Objective: The purpose of this study was to investigate the association between single nucleotide polymorphisms in Wnt signal pathway genes and circulating osteoprotegerin (OPG), soluble receptor activator of the nuclear factor-κB ligand (sRANKL) levels, bone turnover markers, and bone mineral density (BMD) in postmenopausal Korean women.

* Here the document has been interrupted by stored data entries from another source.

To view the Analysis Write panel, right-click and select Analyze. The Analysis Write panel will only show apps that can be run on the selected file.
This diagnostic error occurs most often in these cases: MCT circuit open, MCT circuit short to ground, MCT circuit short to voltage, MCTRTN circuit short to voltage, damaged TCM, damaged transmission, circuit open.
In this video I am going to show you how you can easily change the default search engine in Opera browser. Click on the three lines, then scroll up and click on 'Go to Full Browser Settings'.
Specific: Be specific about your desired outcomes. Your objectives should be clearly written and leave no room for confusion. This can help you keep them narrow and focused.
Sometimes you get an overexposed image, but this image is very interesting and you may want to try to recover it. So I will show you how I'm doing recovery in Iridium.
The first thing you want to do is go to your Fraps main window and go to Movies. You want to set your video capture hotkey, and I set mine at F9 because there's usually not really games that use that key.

Methods: Wnt9a c256G>A; low-density lipoprotein receptor-related protein (LRP) 5 c266A>G, c2245C>G, c3893C>T, and c4099G>A; secreted frizzled-related protein (sFRP) 4 c1019G>A; axin II c148C>T and c1615G>A; glycogen synthase kinase binding protein (GBP) c455C>A; β-catenin c94G>T and c101G>T; T-cell factor 1 c663G>T, c734C>T, and c766G>A; and adenomatous polyposis coli c5465T>A polymorphisms were analyzed in 392 postmenopausal Korean women. Serum levels of OPG, sRANKL, and bone turnover markers were measured, and BMDs at the lumbar spine and femoral neck were examined.

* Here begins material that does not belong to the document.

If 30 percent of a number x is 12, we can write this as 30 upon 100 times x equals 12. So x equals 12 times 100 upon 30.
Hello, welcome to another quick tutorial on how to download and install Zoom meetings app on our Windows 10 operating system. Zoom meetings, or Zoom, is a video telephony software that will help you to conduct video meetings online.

Results: Wnt9a c256G>A, LRP5 c2245C>G and c4099G>A, axin II c1615G>A, GBP c455C>A, β-catenin c94G>T and c101G>T, and T-cell factor 1 c663G>T and c734C>T single nucleotide polymorphisms were not observed. Among the genes showing polymorphisms, only the sFRP4 c1019G>A polymorphism was associated with BMD. The AA genotype in the sFRP4 c1019G>A polymorphism showed significantly lower lumbar spine BMD and a higher serum bone alkaline phosphatase level than did the GG genotype and showed a 6.39 times higher risk for osteoporosis at the lumbar spine compared with the GG genotype. No significant differences in bone turnover markers, OPG, and sRANKL were detected among the other single genotypes or the LRP haplotype genotype.
Conclusions: Our results suggest that the sFRP4 c1019G>A polymorphism may be one of the genetic factors affecting lumbar spine BMD in postmenopausal Korean women.